Why, then, are we helping build K12, an online school? ( “Former Education Secretary Starts Online-Learning Venture,” Jan. 10, 2001.) Because the technology is hugely promising and powerful all the same. It has been misused, yes, but much of the technology is brand-new. The recent report issued by Congress’ bipartisan Web- Based Education Commission, led by former Sen. Bob Kerrey of Nebraska, argued that educational technology has not yet moved from “promise to practice.” The report concluded nevertheless that “the power of the Internet to transform the educational experience is awe-inspiring.” We agree.

Instead of drawing attention to itself, the well-wrought educational computer should fade into the background. It should attract no more notice than a clean window through which one looks. In the learning technology that we are involved in developing, the computer will become a two-person midget sub, allowing adult and child (seated side by side) to move forward at their own pace and go virtually anywhere—through teeming coral reefs and crowded seas and into the heart of our intellectual and civic heritage, without worrying about logistics or bookkeeping. Adult and child will decide together how fast to move along—when to speed forward, when to go back and repeat, and when to dive even deeper.

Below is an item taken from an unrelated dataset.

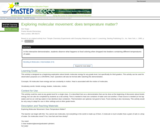 Exploring Molecular Movement: Does Temperature Matter?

The Internet-connected computer can supply structure and a sense of forward motion through a school day, term, or year to a child who is working at home with parents or under a charter school’s auspices. It can allow parents or teachers to lay out a child’s education (one course or many) with as much expert guidance as they like. It can allow them to visualize a whole year in advance, and then show them at every stage how well each child is doing, and exactly how far each one has come.

It can put children in touch with each other and with the world. It can put parents in touch with other parents, with excellent teachers, and with tutors and other consultants. It can create the feel of an actual school with its own school community. It can help motivate, stimulate, entertain, and keep children informed about the world. In sum, it can help deliver a world-class education to virtually any child or adult almost anyplace in the world.

No online school will succeed unless the teaching material it offers is good enough to stand on its own, without computers or technology to jazz it up. After all, the proper role of the computer is not to replace but to facilitate a rigorous education. The online school that keeps its students glued to a machine all day is destined to fail. Indeed, at any successful online school, book reading will be the heart of education. (We have no objection to delivering books electronically, but old-fashioned books on paper are so much better designed and easier to use that we are in no hurry to toss them out.) Our students will become fluent keyboardists, but they will learn to be fluent at writing and figuring on paper, too.

So what exactly does the computer do? It lays down a path that adult and child can follow confidently step by step, without fiddling with road maps. The path adapts to the student automatically. An online class shouldn’t be a do-it- yourself grab bag; the computer provides structure and creates a coherent package out of the material all children should learn, undiluted by fad or fashion. We compare a computer to a vehicle on purpose: When you are driving or sailing or flying, it’s the view outside that counts, not the dashboard. In education, it’s the content that counts, not the computer.

But software can take children places they could never go otherwise, and show them fascinating new things. We wouldn’t be in this business if we weren’t excited about the possibilities. Software can turn the computer screen into a transparent porthole with a 3-D scene on the other side. After you have read chapter 5 of your American-history book, the next step in your history path might show you a 3-D terrain map of Lexington and Concord, or the Panama Canal. But whenever we present this information, our goal is to get students to spend longer on a topic and dive deeper, not to have them skim like skipped stones from one fancy picture to the next.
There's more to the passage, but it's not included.